• **Task requirements**: It is required that all of the data be written out exactly.

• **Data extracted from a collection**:
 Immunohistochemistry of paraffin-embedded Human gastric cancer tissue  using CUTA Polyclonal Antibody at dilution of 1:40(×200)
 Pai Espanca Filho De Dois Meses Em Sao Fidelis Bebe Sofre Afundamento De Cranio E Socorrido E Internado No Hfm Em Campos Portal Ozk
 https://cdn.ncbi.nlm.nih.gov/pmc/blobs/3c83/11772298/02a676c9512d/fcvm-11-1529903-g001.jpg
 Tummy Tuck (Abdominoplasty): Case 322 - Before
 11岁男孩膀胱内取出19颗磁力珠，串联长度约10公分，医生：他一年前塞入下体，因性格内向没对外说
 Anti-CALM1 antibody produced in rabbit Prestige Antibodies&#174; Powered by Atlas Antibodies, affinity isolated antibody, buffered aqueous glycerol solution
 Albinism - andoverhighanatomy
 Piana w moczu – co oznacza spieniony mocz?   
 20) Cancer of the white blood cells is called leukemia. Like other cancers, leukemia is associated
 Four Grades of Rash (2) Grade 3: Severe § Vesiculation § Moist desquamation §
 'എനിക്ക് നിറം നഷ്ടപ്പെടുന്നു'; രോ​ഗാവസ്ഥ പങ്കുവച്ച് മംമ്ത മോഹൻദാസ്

• **Output below**:
 Immunohistochemistry of paraffin-embedded Human gastric cancer tissue  using CUTA Polyclonal Antibody at dilution of 1:40(×200)
 Pai Espanca Filho De Dois Meses Em Sao Fidelis Bebe Sofre Afundamento De Cranio E Socorrido E Internado No Hfm Em Campos Portal Ozk
 https://cdn.ncbi.nlm.nih.gov/pmc/blobs/3c83/11772298/02a676c9512d/fcvm-11-1529903-g001.jpg
 Tummy Tuck (Abdominoplasty): Case 322 - Before
 11岁男孩膀胱内取出19颗磁力珠，串联长度约10公分，医生：他一年前塞入下体，因性格内向没对外说
 Anti-CALM1 antibody produced in rabbit Prestige Antibodies&#174; Powered by Atlas Antibodies, affinity isolated antibody, buffered aqueous glycerol solution
 Albinism - andoverhighanatomy
 Piana w moczu – co oznacza spieniony mocz?   
 20) Cancer of the white blood cells is called leukemia. Like other cancers, leukemia is associated
 Four Grades of Rash (2) Grade 3: Severe § Vesiculation § Moist desquamation §
 'എനിക്ക് നിറം നഷ്ടപ്പെടുന്നു'; രോ​ഗാവസ്ഥ പങ്കുവച്ച് മംമ്ത മോഹൻദാസ്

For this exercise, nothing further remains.